Instructions to follow: Each line in the entries that has the word "Bluma" has to be copied.

+++ Source data +++

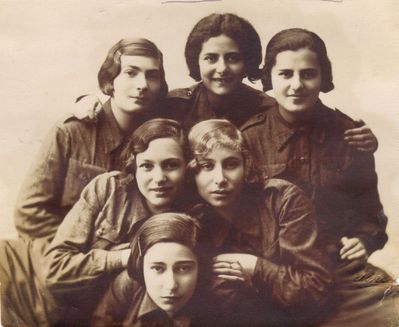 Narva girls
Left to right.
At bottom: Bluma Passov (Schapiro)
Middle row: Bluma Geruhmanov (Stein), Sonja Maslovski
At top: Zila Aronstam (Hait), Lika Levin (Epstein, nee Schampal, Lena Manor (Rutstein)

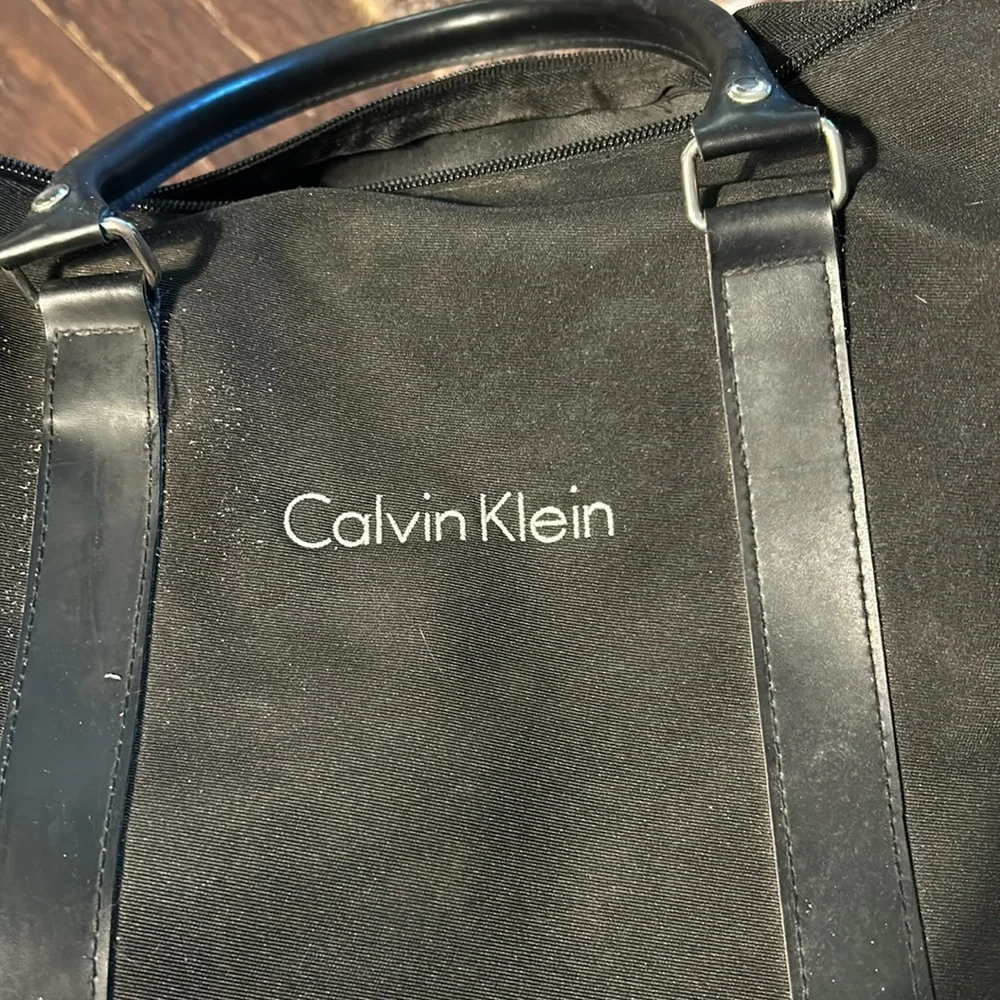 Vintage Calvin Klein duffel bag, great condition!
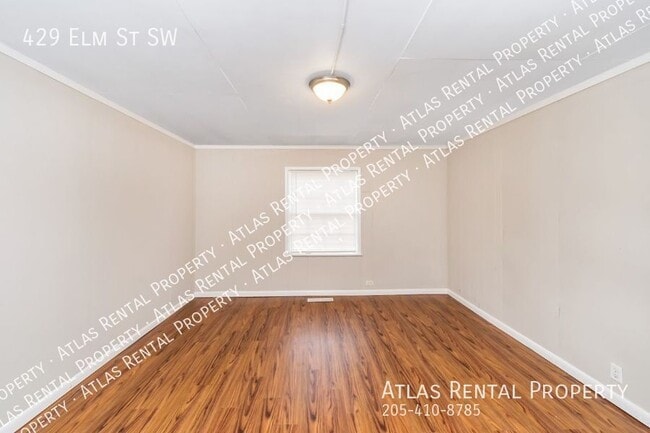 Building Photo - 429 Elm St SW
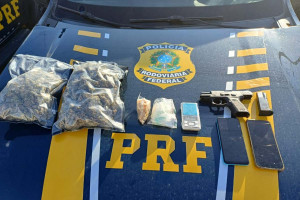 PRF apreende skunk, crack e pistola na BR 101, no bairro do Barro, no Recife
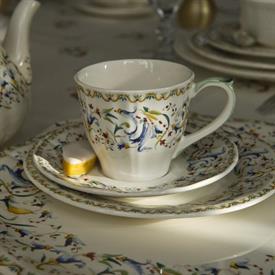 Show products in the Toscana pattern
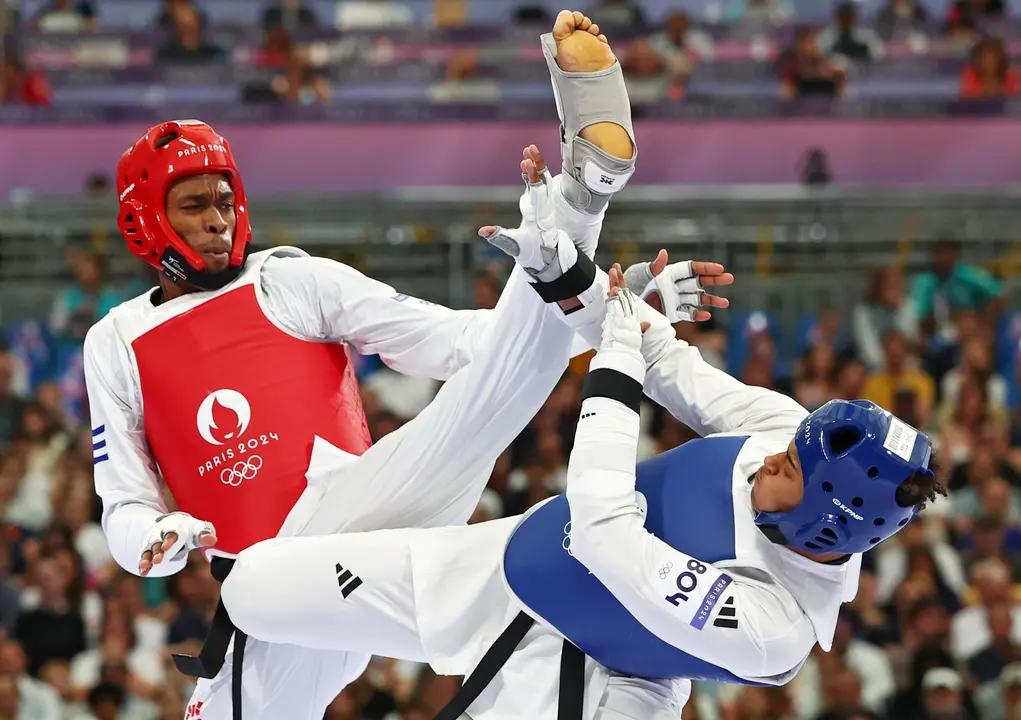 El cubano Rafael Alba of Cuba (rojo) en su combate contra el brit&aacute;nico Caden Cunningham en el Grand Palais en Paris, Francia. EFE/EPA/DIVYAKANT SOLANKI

+++

Response for this exercise:
At bottom: Bluma Passov (Schapiro)
Middle row: Bluma Geruhmanov (Stein), Sonja Maslovski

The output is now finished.